Task »
Reproduce the data below word for word, setting aside any picture it holds.

Dataset excerpt »
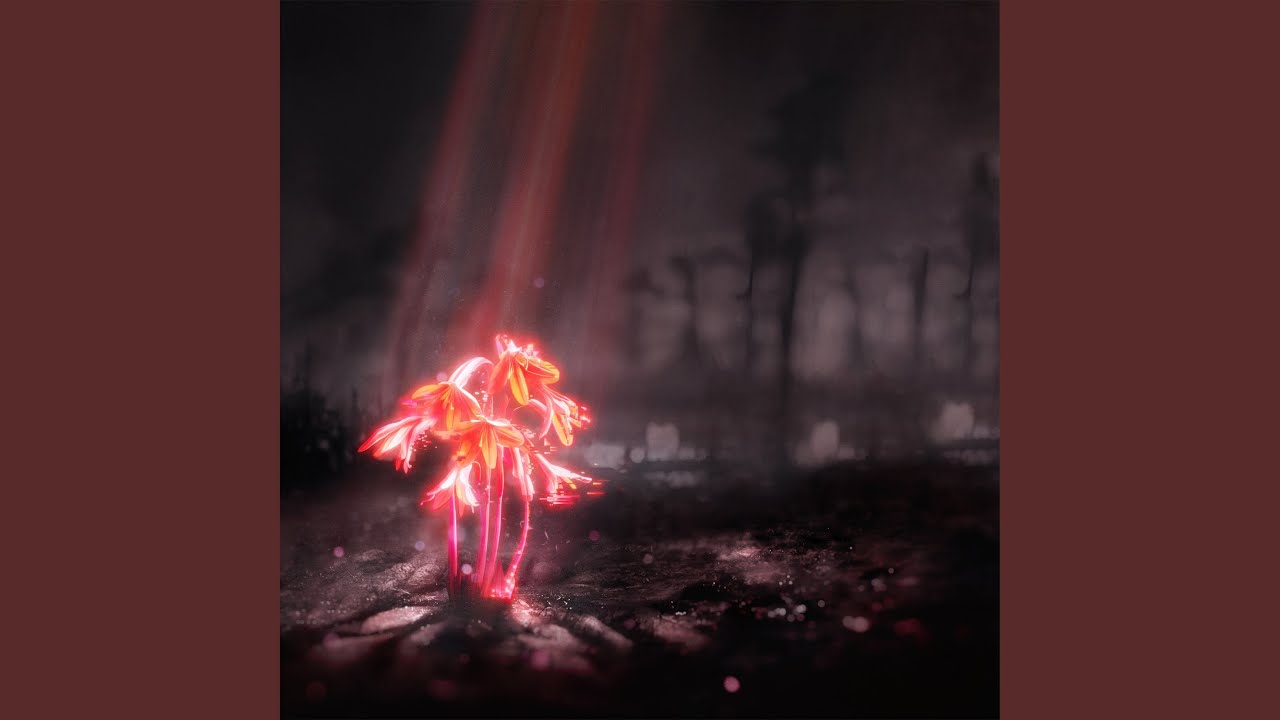 在 YouTube 上观看 Giant Pacific Octopus (i don’t know you anymore) 在 YouTube 上观看 Giant Pacific Octopus (i don’t know you anymore)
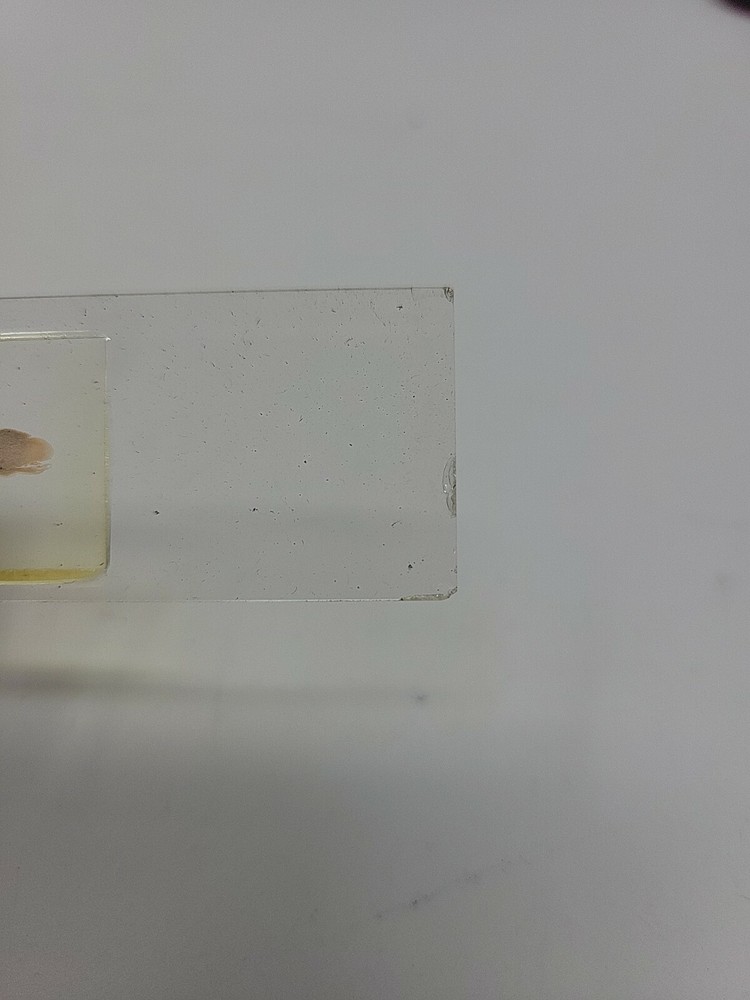 Vintage Microscope Slide 1941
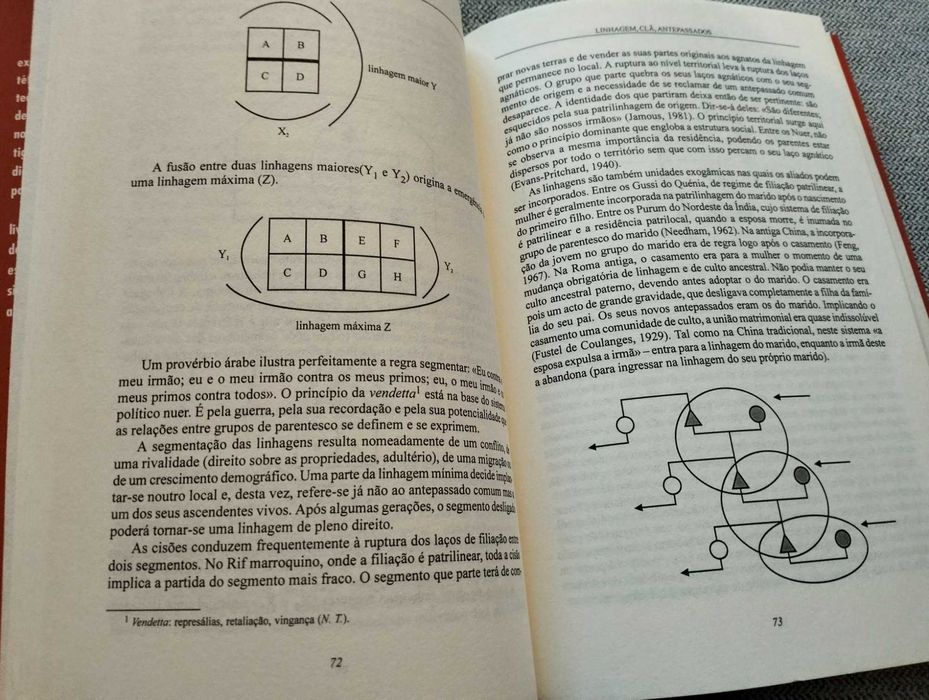 livro "Introdução ao estudo do parentesco" Christian Ghasarian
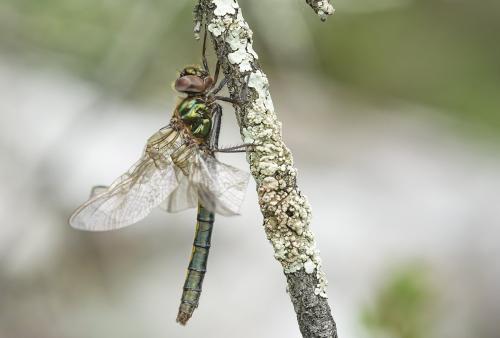 Oxygastra curtisii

Exercise result »
 在 YouTube 上观看 Giant Pacific Octopus (i don’t know you anymore) 在 YouTube 上观看 Giant Pacific Octopus (i don’t know you anymore)
 Vintage Microscope Slide 1941
 livro "Introdução ao estudo do parentesco" Christian Ghasarian
 Oxygastra curtisii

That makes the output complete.